Corigliano Rossano – Aggressione nei pressi dell’area cimiteriale di Rossano. E’ quanto si sarebbe consumato nei primi giorni di novembre con tanto di denuncia depositata ai carabinieri. Ma i fatti riportati sono riscontrabili sul piano indiziario? Il presunto aggressore smentisce categoricamente e parla di  “notizie false”, di “ricostruzioni fantasiose”, “mendaci e lesive della reputazione altrui”.  In una nota stampa il titolare di una impresa di onoranze funebri ha “dato mandato all’avvocato Ettore Zagarese di tutelare le ragioni del querelante nelle opportune sedi richiedendo un risarcimento del danno per fatto illecito ad una somma stimata in 1 milione di euro, cifra che sarà totalmente devoluta in beneficenza. Nella domanda di giustizia vengono descritti i fatti nella loro cruda e dura realtà.  È ora di dire basta e far sì che sia la verità a vincere su basse e misere provocazioni”.

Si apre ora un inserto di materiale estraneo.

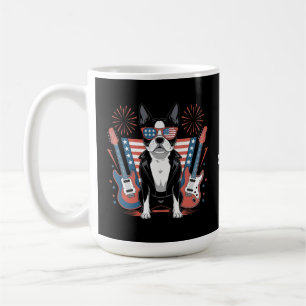 Patriotisches Boston-Terrier-Hundliebhaber-Design Kaffeetasse
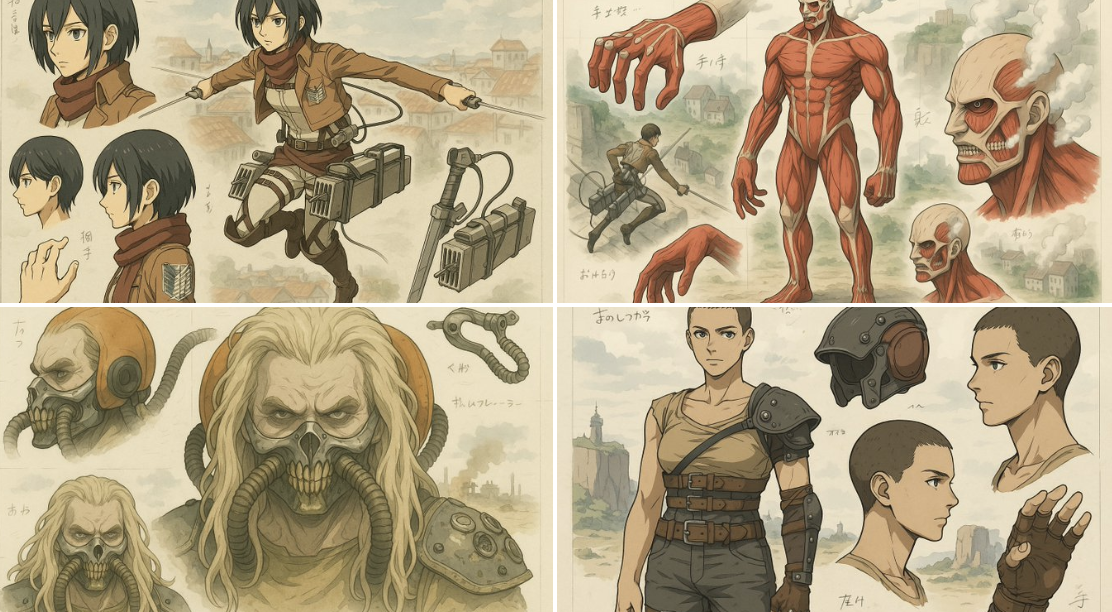 Awesome GPT4o/GPT-4o Image Prompts-動漫機甲風格化機械設計圖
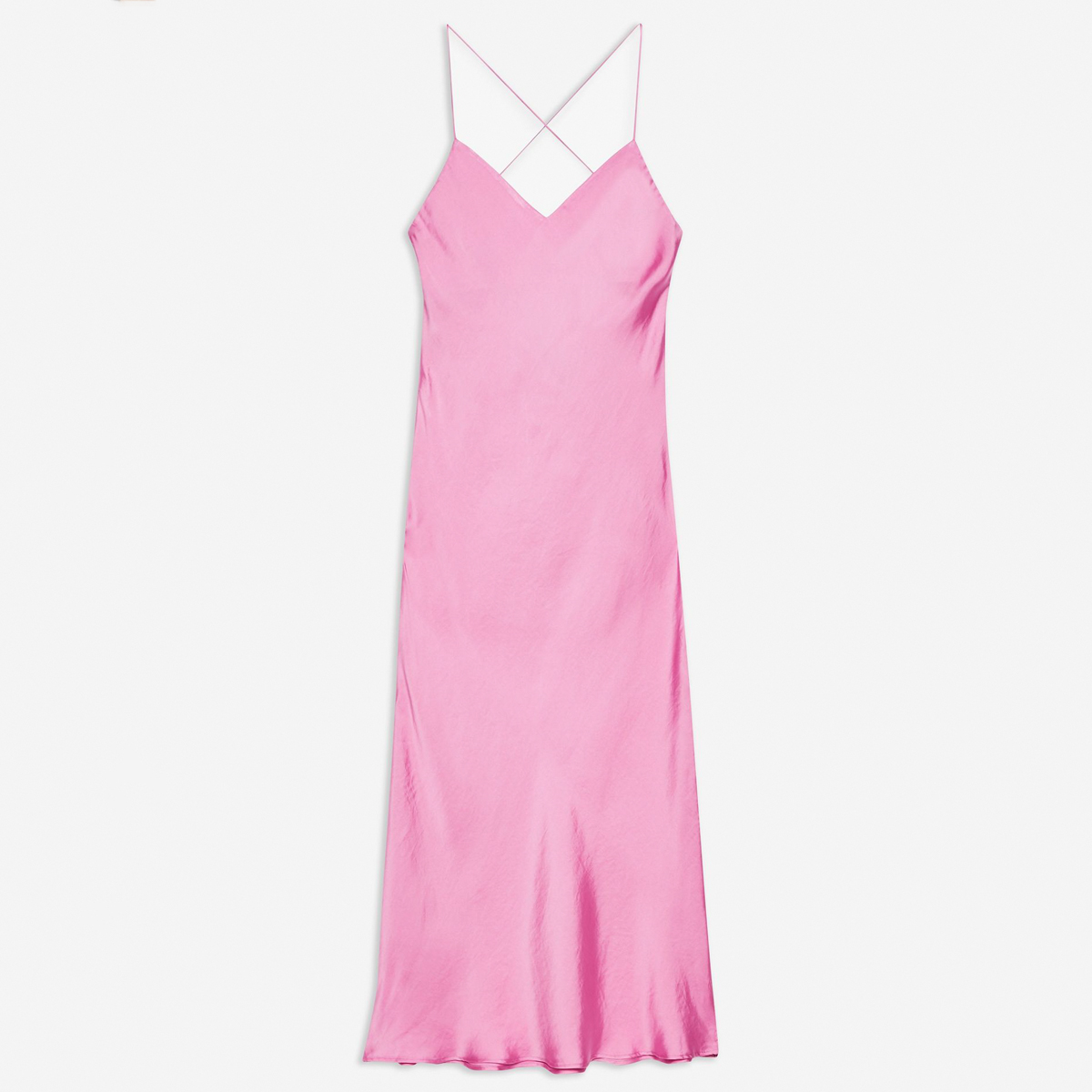 pink slip dress zara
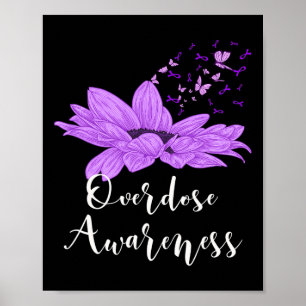 Schmetterling Lila Band Sonnenblume Überdosis-Bewu Poster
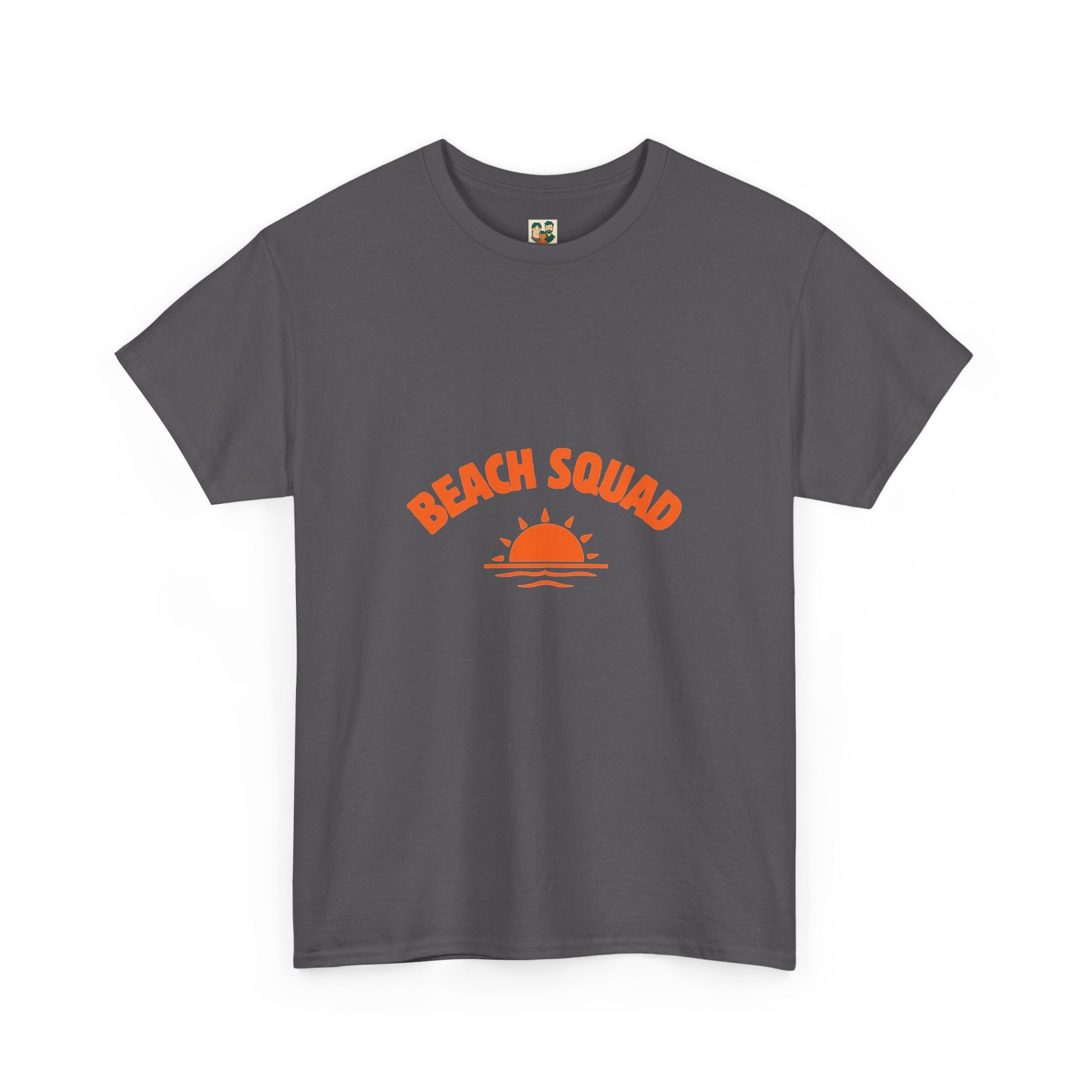 Beach Squad Tee — Retro Orange Sunset Graphic T-Shirt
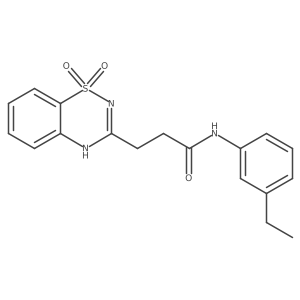 3-(1,1-dioxido-2H-1,2,4-benzothiadiazin-3-yl)-N-(3-ethylphenyl)propanamide Structure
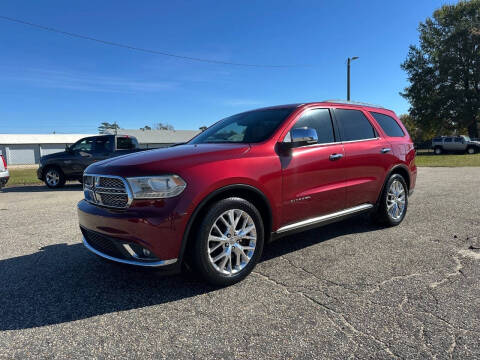 2014 Dodge Durango for sale at Carworx LLC in Dunn NC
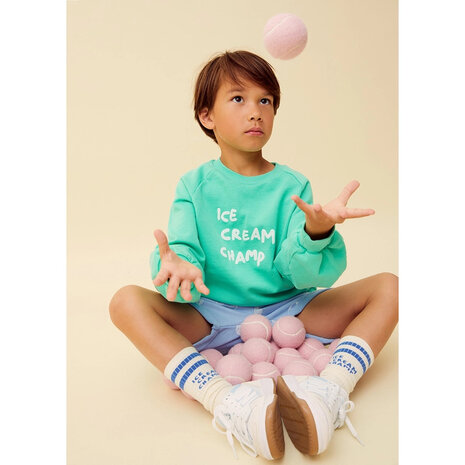 Sproet & Sprout Raglan sweatshirt ice cream champ - Jade Green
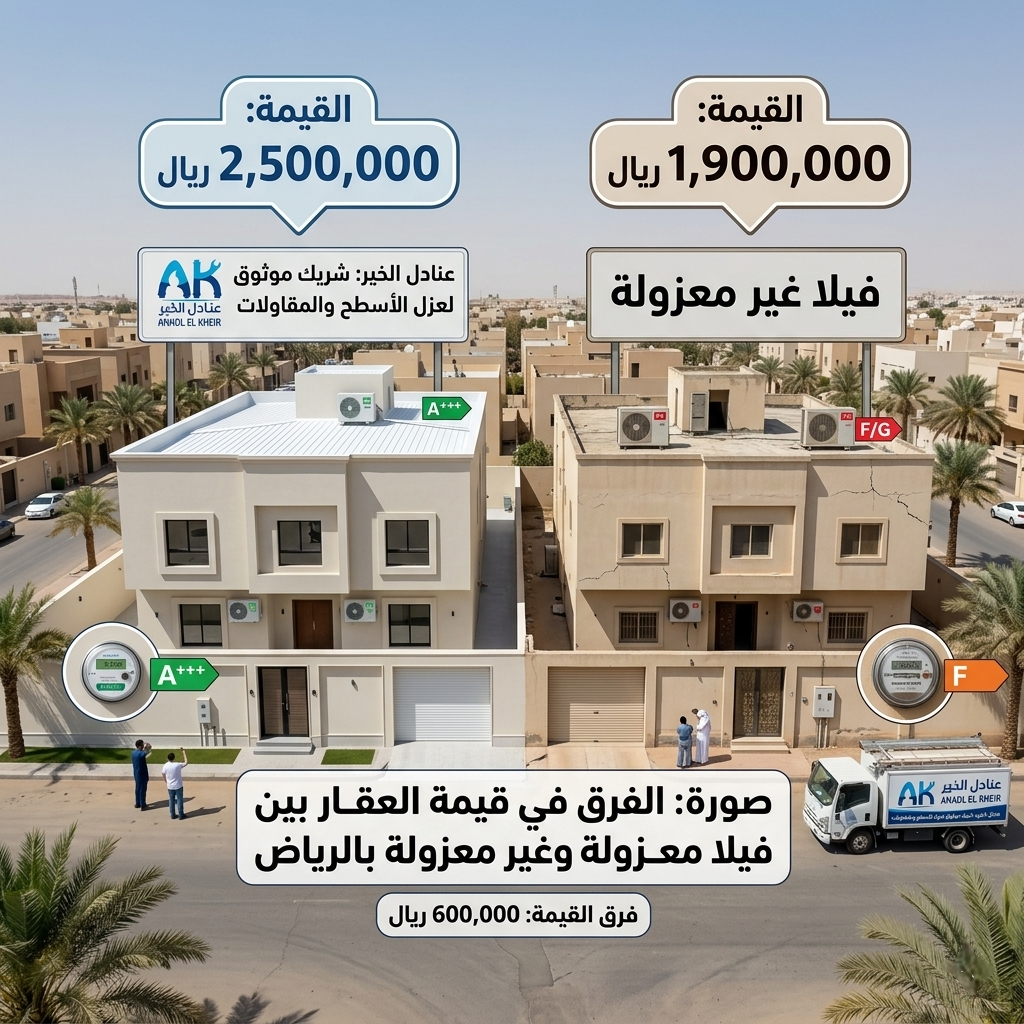 العزل الحراري ورفع قيمة العقارات في الرياض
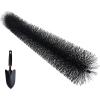 imageVEVOR Gutter Brush 433 inch Diameter 15 Feet Total Length Gutter Cleaning Tools GroundLevel Brush Leaf Guard for 5 Inch Gutters Easily Clear Roof Leaves and Debris 5 Pack60 Ft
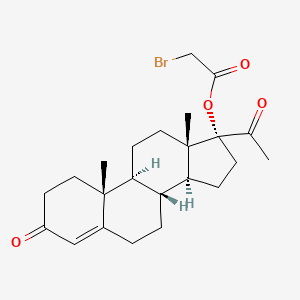 molecular formula C23H31BrO4 B1207595 17-((Bromoacetyl)oxy)pregn-4-ene-3,20-dione CAS No. 61886-11-1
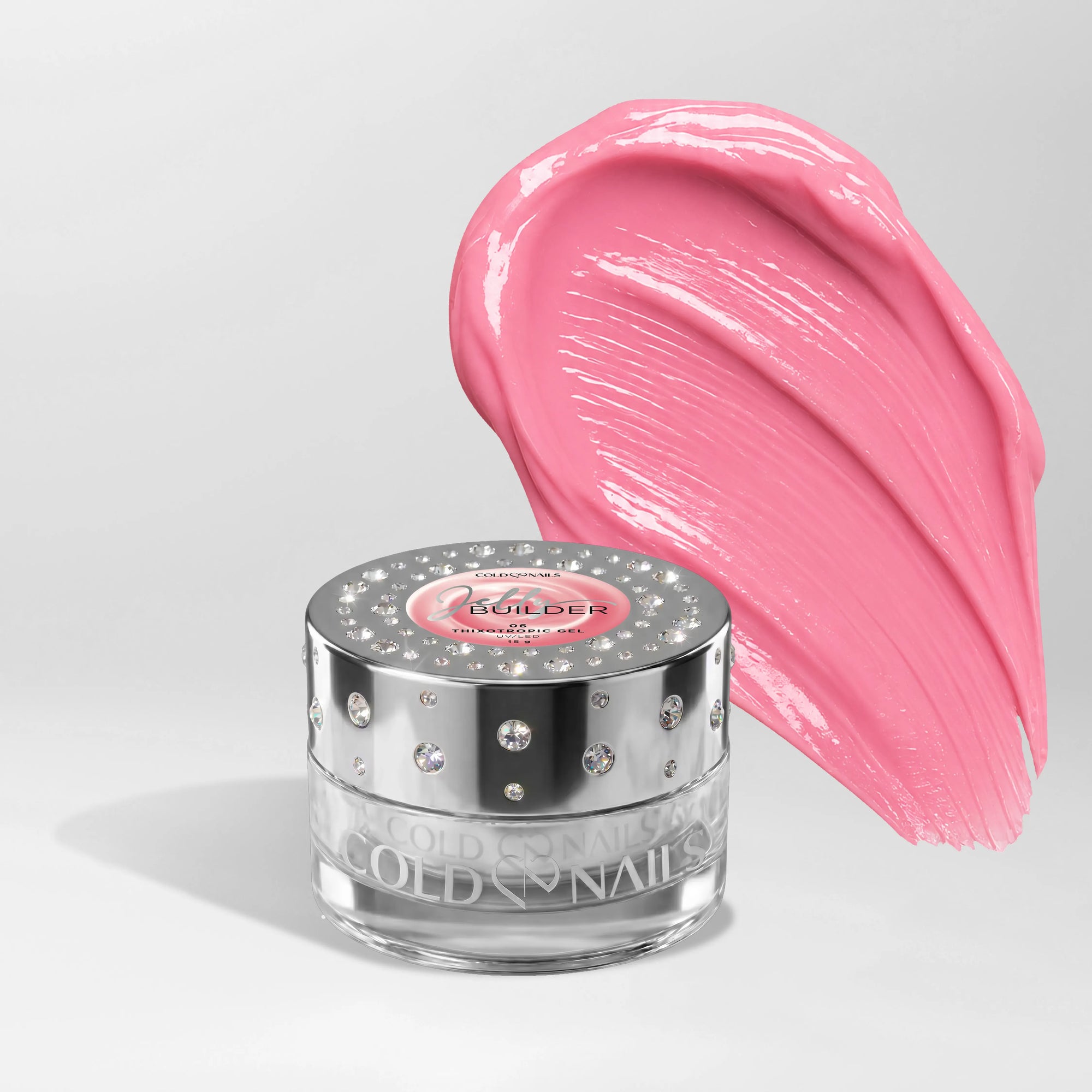 Jelly Builder Candy Pink texture tixotropica nel barattolo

“Nei fatti realmente accaduti –  si afferma nella nota – non vi è stato alcun violento pestaggio, tantomeno alcun diverbio tra rivenditori di fiori, legalmente autorizzati a sostare nelle aree predisposte, o agenzie di pompe funebri, nei pressi del cimitero di Rossano, nel comune di Corigliano Rossano, quanto piuttosto una ricostruzione mistificatoria data in pasto alla stampa da altri soggetti, a vario titolo noti alle cronache locali, non aventi alcuna licenza o autorizzazione per svolgere l’attività di rivendita di fiori. In questo caso potremmo parlare di uno smanioso desiderio di mettersi in mostra, di una violenta volontà lesiva e del bisogno patologico di arrecare disturbo e provocare chi, in tutta onestà e a pieno titolo, svolge il suo lavoro a favore dell’intera comunità, giorno e notte. Attività, e ci riferiamo alla rivendita autorizzata di fiori nello spazio adiacente al cimitero di Rossano, fino ad ora svoltasi in assoluta tranquillità e serenità. I fatti narrati nella nota data alle stampe parlano di una querela e mostrano una storia raccontata al contrario con il solo e chiaro scopo di ledere l’immagine di un imprenditore e della sua famiglia e creare scompiglio nella popolazione inducendola ad avere timore nel recarsi in un luogo di eterna pace e silenzio”.